I always enjoy listening to Christopher Perrin discuss classical education. Although I work in public schools, I find Perrin’s exploration of etymology helpful in creating a better metaphor for teaching and learning.
Why Metaphors Are Necessary and Not Just Nice | Andrew Ortony
This paper by Professor Emeritus, Andrew Ortony, is over 50 years old. Still, his discussion of the important pedagogical value of metaphors is so insightful. I particularly appreciate his vividness thesis, explaining that metaphors are much closer to one’s perceived experience than non-metaphorical equivalents.
How Metaphors Shape Our Ideas About Education | Forbes
This is an discussion between Julia Turchaninova, former senior teacher from the Houston Independent School District, and Julia Brodsky, Forbes Education contributor. Turchaninova knows what she is talking about and I felt affirmed in much of my teaching experiences post pandemic. She ends saying, It would be great for us as a society to come up with a new set of metaphors that help us express the essence of the kind of education we want for our children in the upcoming century. YES!!
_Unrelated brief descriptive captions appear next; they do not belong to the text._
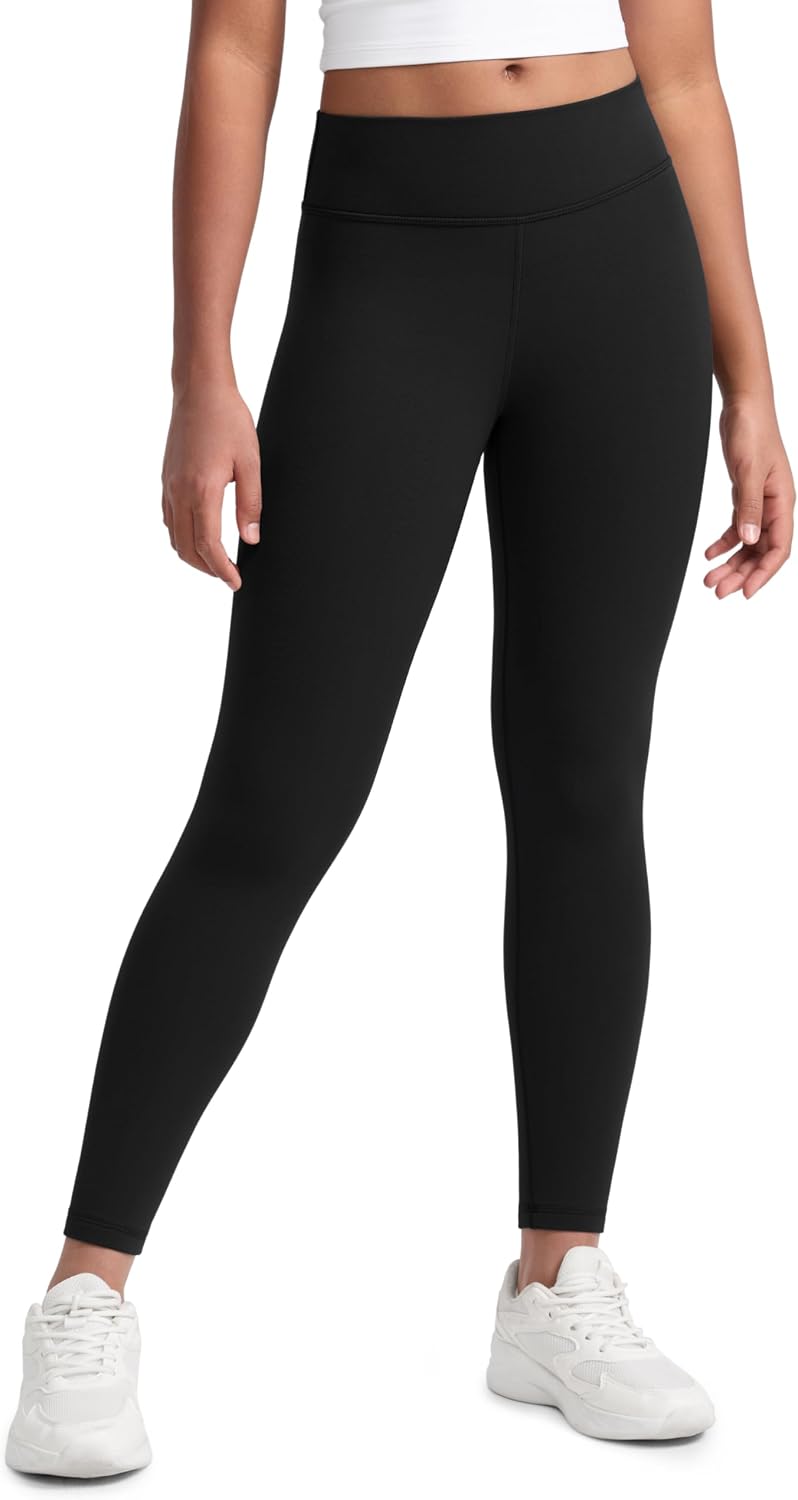 CRZ YOGA Girls Matte Thermal Fleece Lined Full Length Leggings – Casual Athletic High Waist Pants Winter Warm Kids Teen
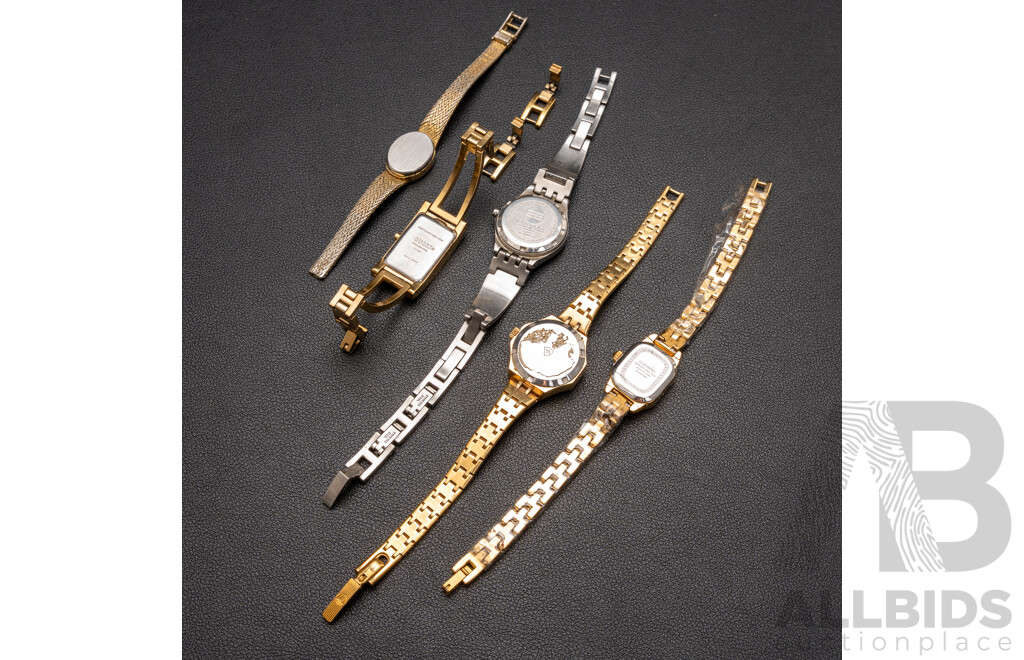 Collection of (5) Ladies Dress Watches, Vintage & Modern Incl. Nivada, R Miller, Guess & Maxum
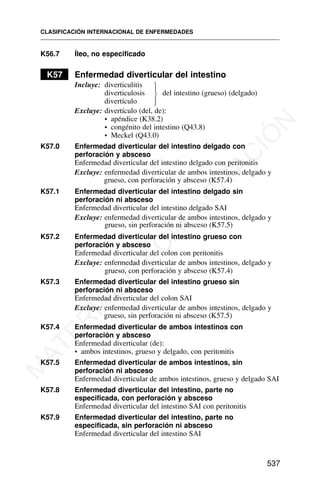 K56.7 Íleo, no especificado
K57 Enfermedad diverticular del intestino
Incluye: diverticulitis
diverticulosis del intestino (grueso) (delgado)
divertículo
Excluye: divertículo (del, de):
• apéndice (K38.2)
• congénito del intestino (Q43.8)
• Meckel (Q43.0)
K57.0 Enfermedad diverticular del intestino delgado con
perforación y absceso
Enfermedad diverticular del intestino delgado con peritonitis
Excluye: enfermedad diverticular de ambos intestinos, delgado y
grueso, con perforación y absceso (K57.4)
K57.1 Enfermedad diverticular del intestino delgado sin
perforación ni absceso
Enfermedad diverticular del intestino delgado SAI
Excluye: enfermedad diverticular de ambos intestinos, delgado y
grueso, sin perforación ni absceso (K57.5)
K57.2 Enfermedad diverticular del intestino grueso con
perforación y absceso
Enfermedad diverticular del colon con peritonitis
Excluye: enfermedad diverticular de ambos intestinos, delgado y
grueso, con perforación y absceso (K57.4)
K57.3 Enfermedad diverticular del intestino grueso sin
perforación ni absceso
Enfermedad diverticular del colon SAI
Excluye: enfermedad diverticular de ambos intestinos, delgado y
grueso, sin perforación ni absceso (K57.5)
K57.4 Enfermedad diverticular de ambos intestinos con
perforación y absceso
Enfermedad diverticular (de):
• ambos intestinos, grueso y delgado, con peritonitis
K57.5 Enfermedad diverticular de ambos intestinos, sin
perforación ni absceso
Enfermedad diverticular de ambos intestinos, grueso y delgado SAI
K57.8 Enfermedad diverticular del intestino, parte no
especificada, con perforación y absceso
Enfermedad diverticular del intestino SAI con peritonitis
K57.9 Enfermedad diverticular del intestino, parte no
especificada, sin perforación ni absceso
Enfermedad diverticular del intestino SAI
CLASIFICACIÓN INTERNACIONAL DE ENFERMEDADES
537
⎫
⎪
⎬
⎪
⎭
M
A
T
E
R
I
A
L
D
E
C
A
P
A
C
I
T
A
C
I
Ó
N
 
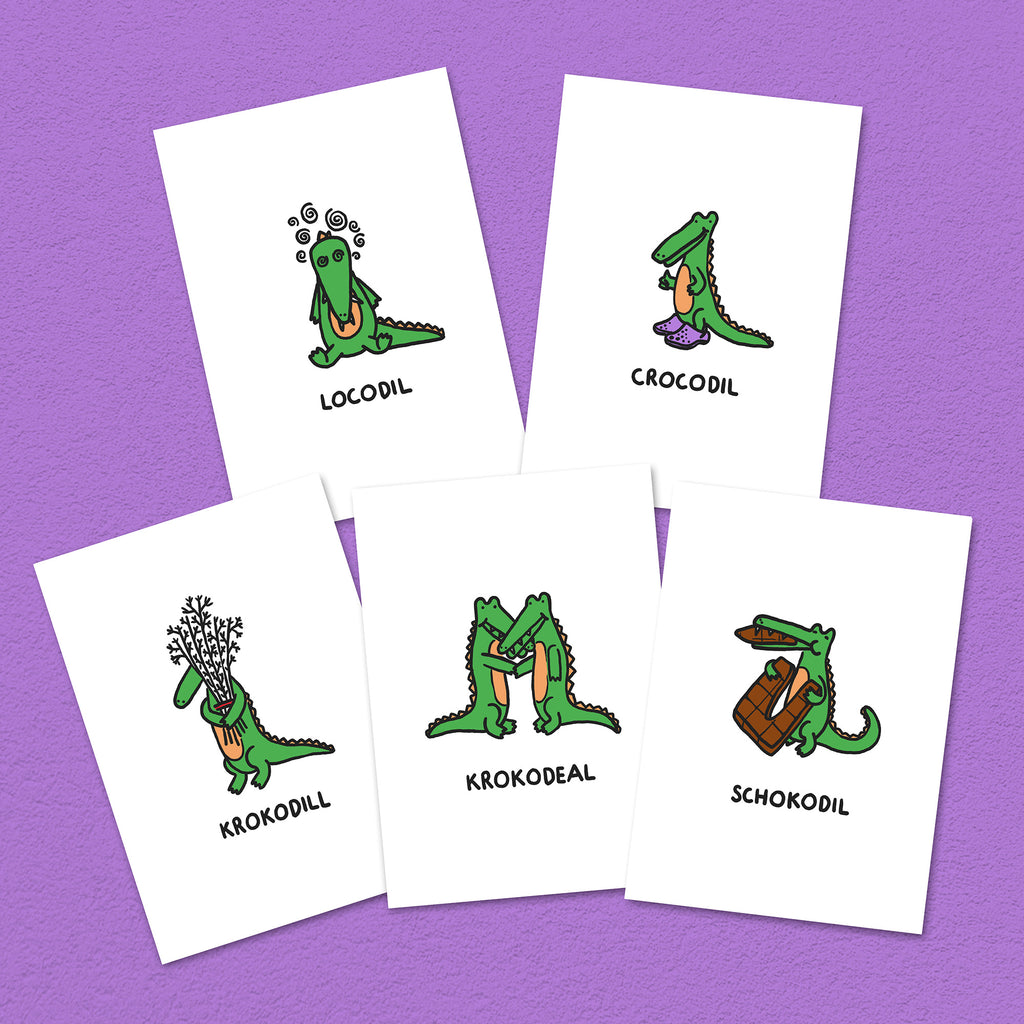 Kartenset Krokodile, 5er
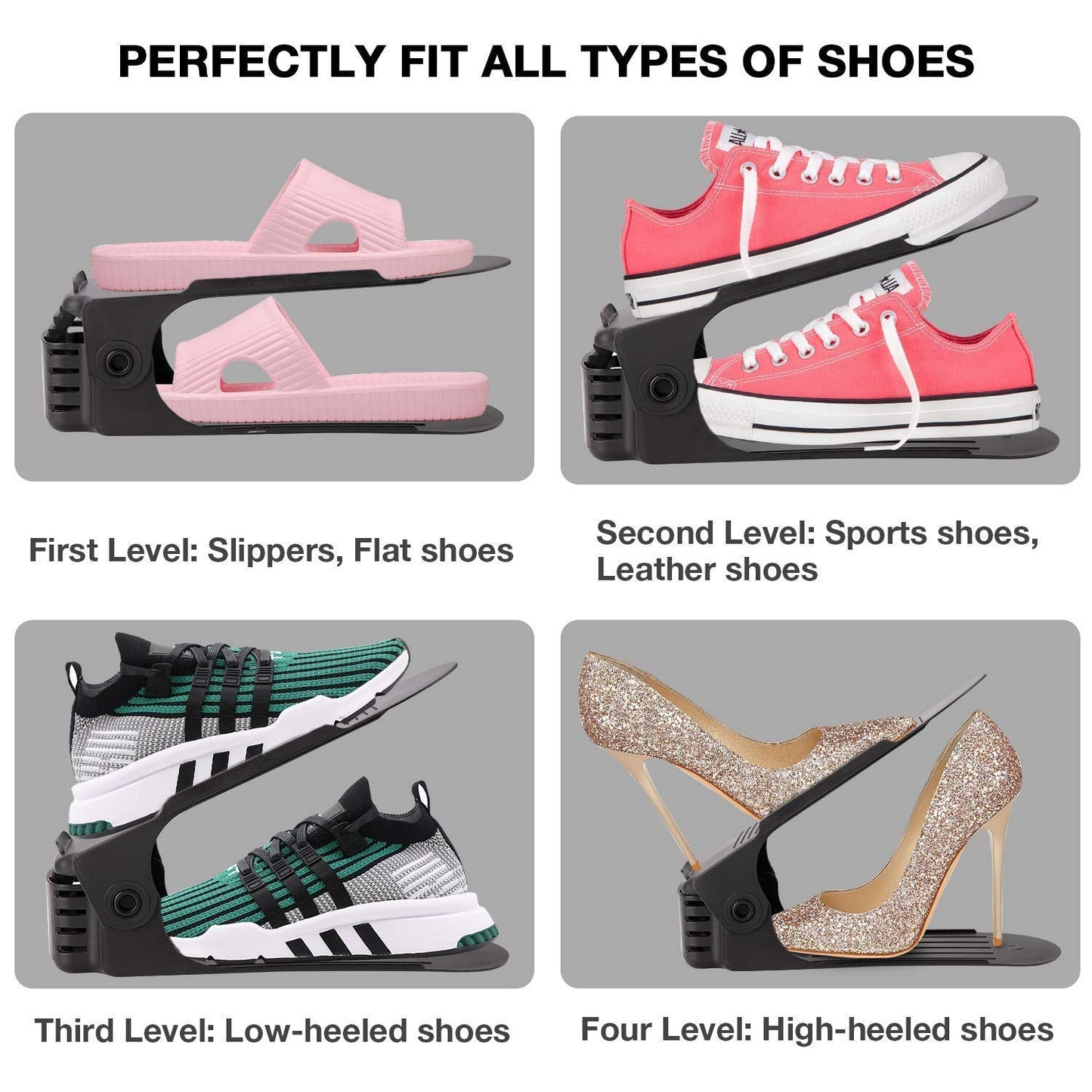 The Adjustable Shoe Rack Space Saver - Premium Quality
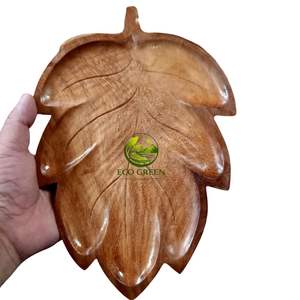 Plateau de service en bois naturel en forme de feuille, style Art Déco, avec motif floral en marbre et fonction de changement de couleur, pour le thé, les collations, la décoration et la vaisselle de table. - Product Image 5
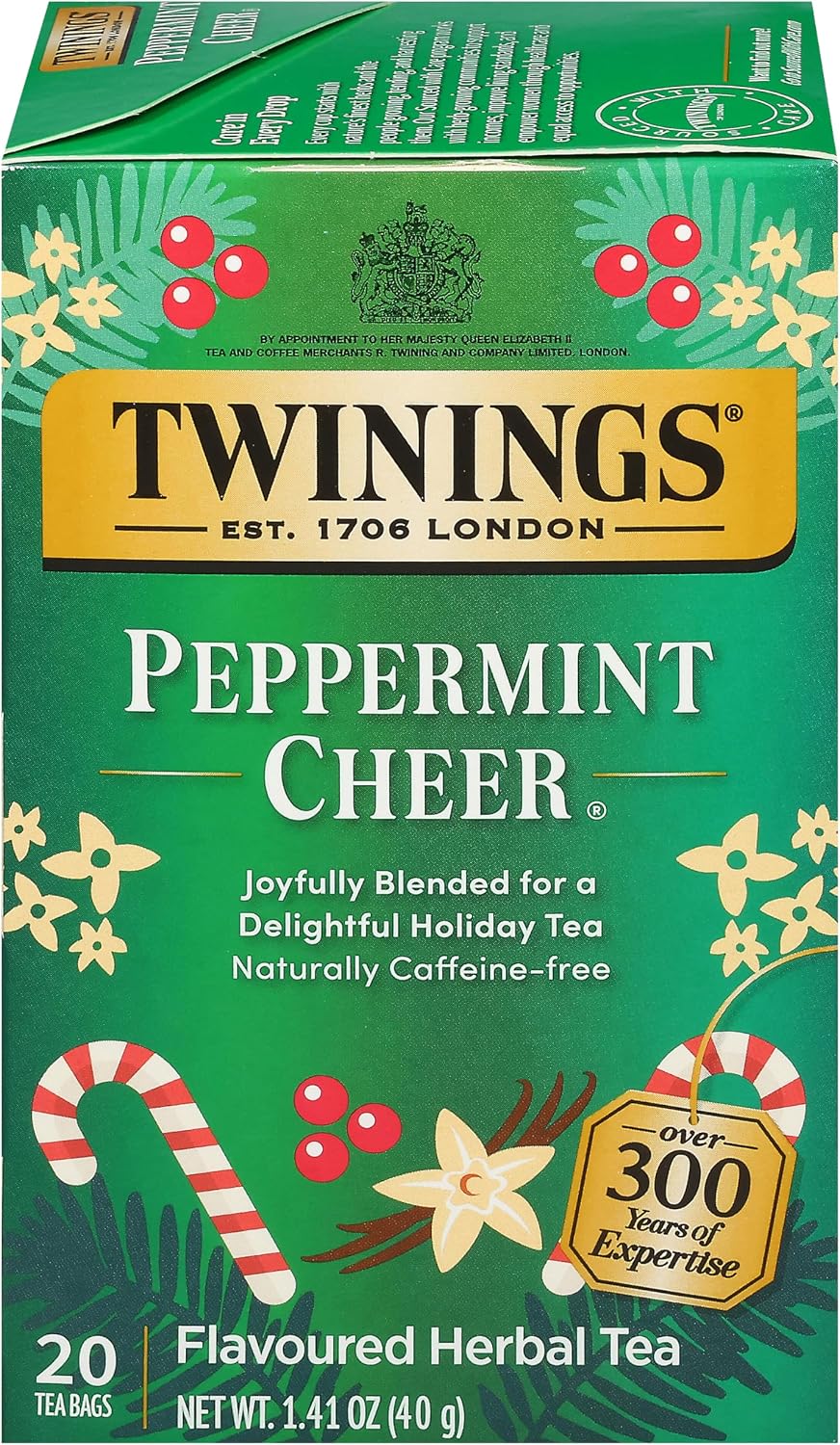 Twinings Peppermint Cheer Herbal Tea Individually Wrapped Bags, 20 Count (Pack of 1), Peppermint & Vanilla, Naturally Caffeine-Free, Enjoy Hot or Iced, 20 Teabags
This metaphor blew my mind! What if we saw learning as a rhizome? Experience Anatomist, Christopher Roosen explains, “With a rhizome, learning is a networked and bi-directional system. The learner extends and enriches their knowledge and skills. Rhizomic learning means that learning provides a power source for growth.” This is a fascinating read!





Great post! I read and chuckle: For a month I've been sitting on a post called "50 Metaphorical Prompts About High School." I'm still going to post it soon, but you gave me pause.
Also, Metaphors to Live By is such a fantastic book!
Your breakdown of these metaphors really highlights how the language we use unconsciously shapes policy decisions. The school-as-business metaphor you mentioned has been particularly damaging because it's led to treating education like any other market commodity that can be optimized through competition. What's missing from most of these metaphors is any sense of school as a community space where relationships and belonging matter as much as academic outcomes.